Tuesday, November 14, 2006

JSR238 - why? Why???

The new JavaME internationalization API, JSR238, appears to be a lost opportunity - the originators rightly spotted that the basic MIDP/CLDC spec has no real support for internationalisation of apps, so they've chosen to add it with an optional JSR adding three classes. At first glance that might seem useful, but it isn't.

This JSR will presumably be supported by a small collection of handsets (including many of those which are remote updatable with whatever that JSR was). Developers will have three choices: continue handling things with custom code, develop nice international apps purely for this JSR and lose all other handsets, or handle both. All three choices have disadvantages, but the sensible developer has to go for the first unless they are an enterprise handling the rollout of all new devices to a controlled user group. This is certainly a valid scenario, but what about legacy handsets? How many enterprises can afford rollouts to their whole workforce like this? Why wouldn't they just spend a day writing their own solution, scheduling 15 minutes to moan about it not being in the standard APIs before forgetting the problem ever existed?

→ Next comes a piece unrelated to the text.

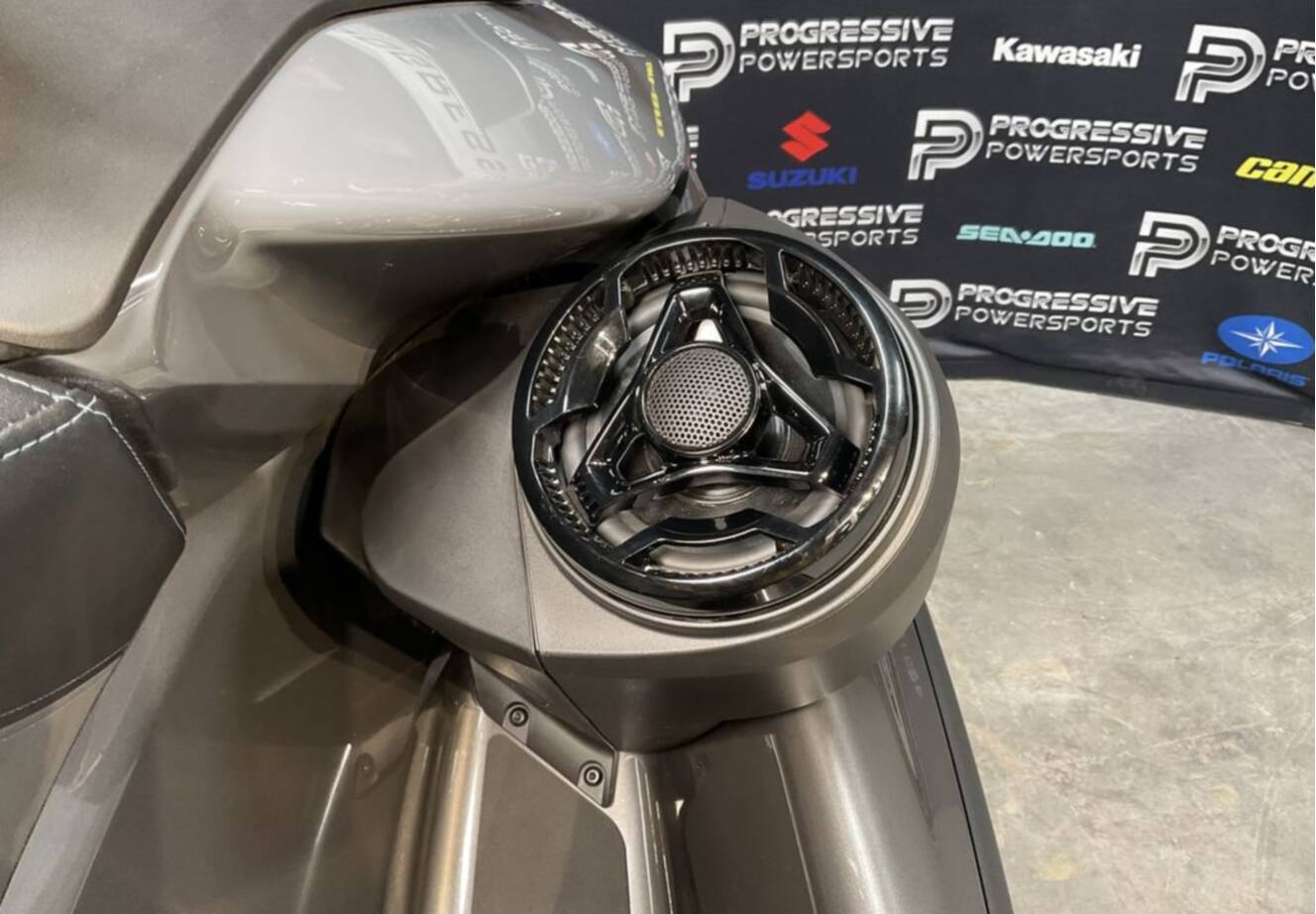 A photo of this 2025 Sea-Doo GTR -X 300 Tech, BRP Premium Audio, iBR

Looking at the details, it uses XML content descriptors and hierarchical directory structures to hold all resources, so clearly it is only aimed at the enterprise. This is jar eating stuff capable of adding to the download size dramatically, with added parsing memory and clock-cycle overhead, so it really won't be hitting the mainstream handsets with users who pay per Kb and the gaming or mainstream app world any time soon.

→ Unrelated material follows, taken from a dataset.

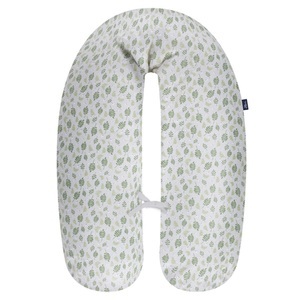 Alvi, ALVI Stillkissen Drifting Leaves Organic Cotton Jersey, ALVI Stillkissen Drifting Leaves Organic Cotton Jersey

I fully understand that if we tried this argument with every new API, we'd never have any progress. That's a valid viewpoint in the general sense but I think this is an area where it is not valid. Optional JSRs make a lot of sense when they rely on underlying hardware (Bluetooth) or device capabilities (3D), and can't easily be mandated in the Profile. But for something so trivial, why not just add this to MIDP3? MIDP3 will definitely be rolled out faster and wider than a single niche JSR like this, and so over time it would become a tool the whole community might choose to make use of. Like this, I really don't see it adding value any year soon.

1 Comments:

Anonymous Anonymous said...

Agree with you. that's exactly the same issue with JSR172 (Web Services Specification).
When something can be implemented in software only , or when speed improvement is not significant, it is useless to create such JSR, as vast majority of developer will have to support older handsets.